Robin Andrea — My brother and I have pretty much the same opinions, but Leah’s brother is a physician. His views differ from ours, as you might expect. It’s kind of funny, but my mother’s sister (94 years old) and late husband had views more similar to ours, while their daughter, who is near our age, is completely different.
I’m pretty much the same. I just try not to let it into the conversation, and when someone tries to pick a fight, I generally just say something like “let’s not go there, okay?”
One checker at the grocery store had to respond to my evidently commie liberal request for paper bags (I’d left my canvas bags in the car) by saying we needed to “take back the country.” I wanted to say that we did that in 2008 and 2012, but I refrained. And I try to avoid her checkout line when I can now.

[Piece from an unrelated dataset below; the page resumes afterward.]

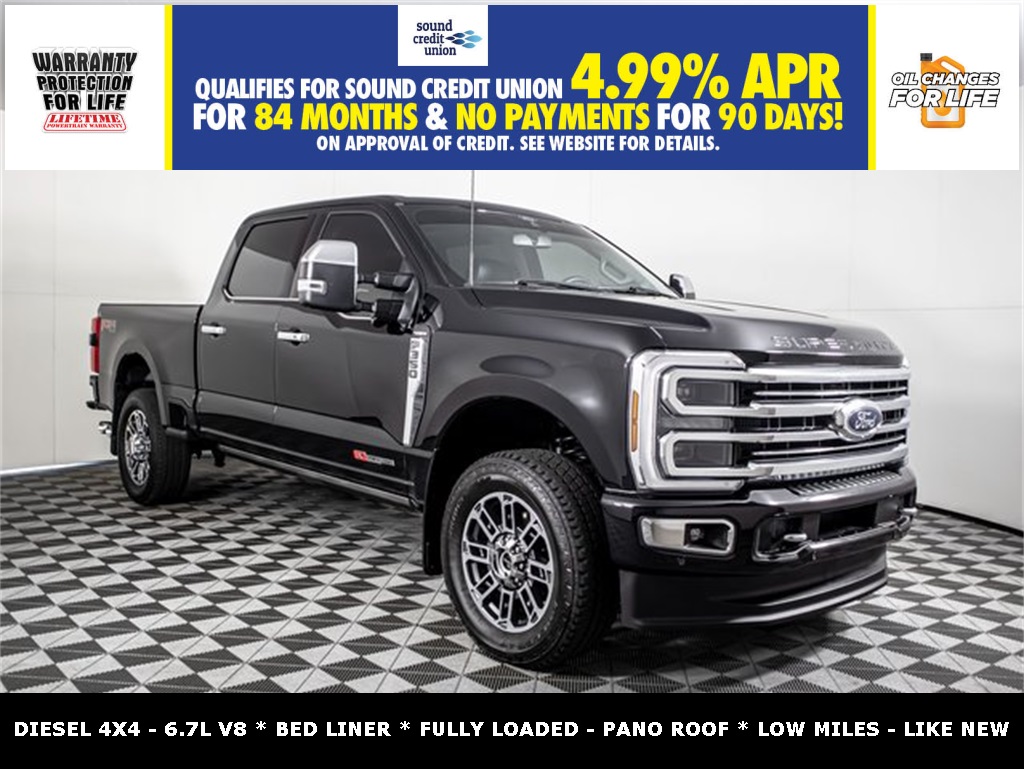 2024 Ford F-350 Super Duty Limited Crew Cab 4WD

Pablo — Yes, “take back the country.” I think I know what that means, and it isn’t pretty.
Although I manage a private natural area (which most people would probably imagine would be the haunt of “tree huggers”), my board of directors is almost completely Republican and some of them are pretty adamant and vociferous. Plus, our upscale neighborhood is pretty Republican, too, so I get these kinds of unsolicited comments all the time.
Probably the funniest (but most unsettling) interaction I’ve ever had was at a fund-raising gala we sponsored some years ago. Being a good executive director, I was schmoozing and working the crowd, when I came across the elderly matriarch of a very wealthy family. I certainly had known about this woman but had never before met her. Nor had she ever met me; we were complete strangers. So, I introduced myself and sat down in a chair next to her to chat with her for a few minutes. The first words out of her mouth were, “That goddamned Hilary Clinton! I will go to my grave fighting that goddamned Hilary Clinton!” And she did.
Scott– That is such a great story. I read it out loud to Roger, and we had a very good laugh.
I’ll never forget it, Robin Andrea.
Scott — That story is funny, but, unfortunately, minus the cursing, it reminds me of my mother. I have no idea how she ended up so far to that extreme, but I blame part of it on age and part of it on exposure to toxic junk mail solicitations.